* PROBLEM TO WORK ON *
Leave out the pictures and retype, exactly, the lines below from the line with "PROSA Parks Graphic" up to and including the line with "江西中考命题人黄卫民老师如何命制数学?有什么新观点? 第6张 江西中考命题人黄卫民老师如何命制数学?有什么新观点?", nothing more.

* SOURCE MATERIAL *
# # # #

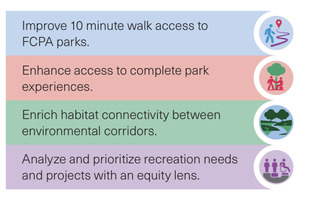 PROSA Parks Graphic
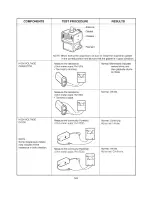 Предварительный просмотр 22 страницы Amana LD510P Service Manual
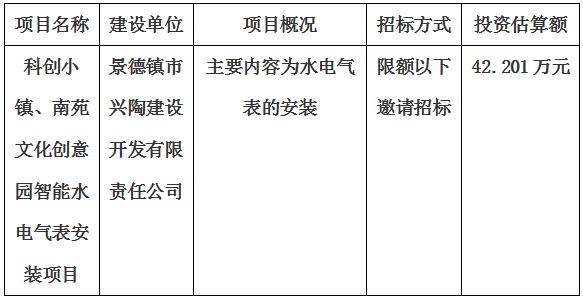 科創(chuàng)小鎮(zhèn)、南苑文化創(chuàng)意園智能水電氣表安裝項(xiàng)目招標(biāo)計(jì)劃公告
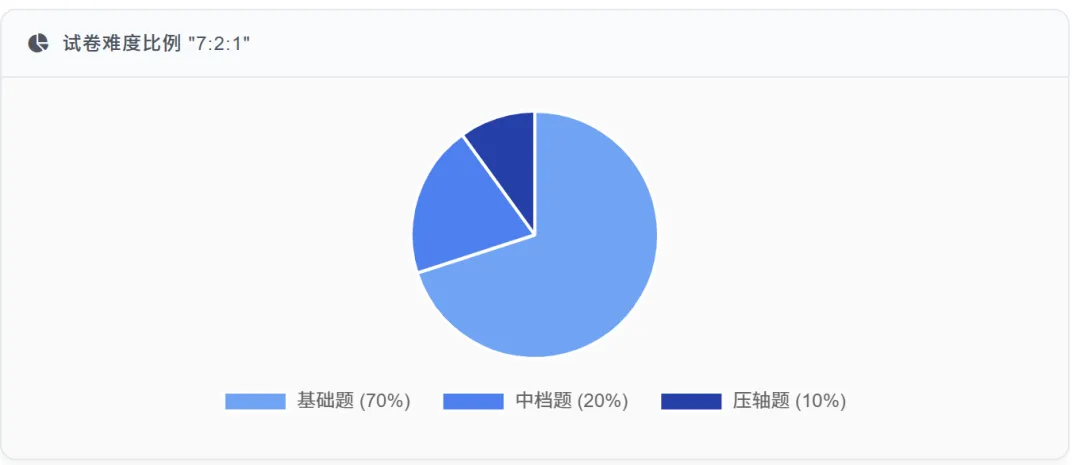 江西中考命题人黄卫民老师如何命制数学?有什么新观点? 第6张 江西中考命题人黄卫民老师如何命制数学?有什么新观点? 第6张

# # # #

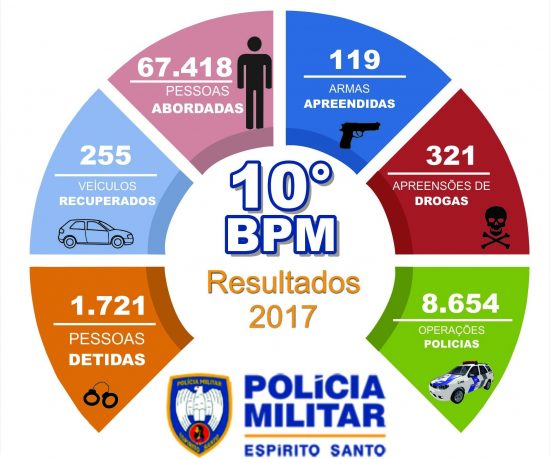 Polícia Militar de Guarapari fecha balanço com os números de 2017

# # # #

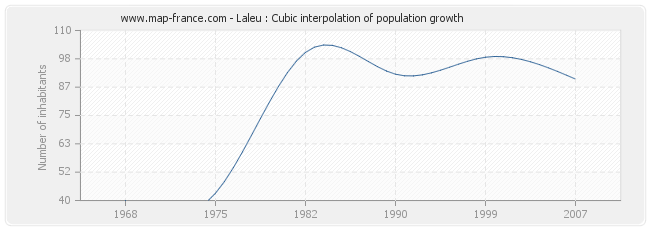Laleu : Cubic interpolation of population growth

# # # #

* RESPONSE TO THIS EXERCISE *
 PROSA Parks Graphic
 Предварительный просмотр 22 страницы Amana LD510P Service Manual
 科創(chuàng)小鎮(zhèn)、南苑文化創(chuàng)意園智能水電氣表安裝項(xiàng)目招標(biāo)計(jì)劃公告
 江西中考命题人黄卫民老师如何命制数学?有什么新观点? 第6张 江西中考命题人黄卫民老师如何命制数学?有什么新观点? 第6张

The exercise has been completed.